The love affair continued into his early high school years, taking much of his time and attention. He often skipped classes to go to the record store and in ninth grade, felt the consequences when he failed out of school. That’s when his concerned parents realized Los Angeles offered too many distractions, and sent him East to a boarding school in Saxtons River, Vermont. There, he felt out of place as an L.A. export wearing Hilfiger and Nautica espousing the greatness of Nas and Biggie. He wanted to continue with his creative journey, but the campus music rooms were used for students to practice learning instruments, not turntables and mixers. But he kept musically informed, reading articles on the Meters, getting packages of CDs purchased at L.A.’s Moby Disc from his mom, and digging into David Axelrod’s catalog with like-minded friends. Summer had him back in the studio and even interning at the Village, a famous recording studio in Santa Monica. He fully admits he was a music snob at that age. It was basically all hip-hop and R&B. “I never went through a Nirvana phase or the Chili Peppers, or the usual mid-’90s stuff that a teenage white kid would like,” he says.
By his senior year, he still wasn’t playing a traditional instrument, although he had picked up an MPC as his ax. After graduating high school in 2000, he came back home and completed a three-month program at the Los Angeles Recording Workshop to learn about audio engineering and recording media. Early the next year, he got a job at Cello, another famous recording studio in L.A., running errands like picking up coffee and dropping off tapes and mixes to other studios or producers. From these two experiences, he delved deeper into the production genius that helped create classic later-era Beatles records (while studying at the Workshop) or Pet Sounds (much of which was recorded at United Western Recorders next door to Cello).
As he continued to make beats, he learned more about the instruments creating the sounds that interested him most. Enter the Fender Rhodes. “I’m obsessed with this sound. I kept going to my dad, ‘Who do you know who has a Fender Rhodes in L.A.?’” After making multiple calls to industry friends, they found out that family friend Mark Williams (son of film composer John Williams) had one in his garage. After an overnight trip to Vegas where Mark Williams was living at the time, Finnigan purchased his first keyboard for a bargain price of three hundred dollars. At the same time, he continued to broaden his aspirations; no longer tied only to hip-hop, he realized he wanted to produce music— in general. Continuing his pursuit of keyboards, he’d read the back covers of albums to learn what else was being used. Before long, he added a Clavinet and Moog synthesizer to his arsenal, all while trying to teach himself to play. He’d play a record and try to figure out the notes and chords. But no longer trying to do everything himself, he started to utilize his dad’s wealth of knowledge: “When I’d hit a roadblock, I’d take it to my dad and ask him, ‘What is this? What is he doing?’ I was attracted to some heavy shit. I was bringing him Herbie Hancock records, playing sophisticated chords and voicings, so I had that luxury of someone to show me.”

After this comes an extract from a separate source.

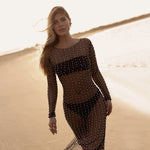 Fashion Sexy Hot Diamond Blouse Mesh Dress Perspective Pin Bead Sundress Wrap Hip Skinny Sheath Long Sleeve Beach Solid Dresses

Working solo in a rehearsal space can only be so productive, however. In the early to mid-2000s, a friend he met at Vermont Academy, Jesse Kramer, moved out to L.A. Kramer, a drummer and also the son of Aerosmith drummer Joey Kramer, was working with some musicians at another studio. Finnigan started to go to their sessions where they asked him to play keys while they jammed, opening his eyes to working in a group dynamic. Kramer, Finnigan, and a bassist from the group, Sean Willson, eventually ended up working together as a project called Destruments, self-releasing several albums along the way, mostly of ’70s-influenced jazz in a hip-hop styling.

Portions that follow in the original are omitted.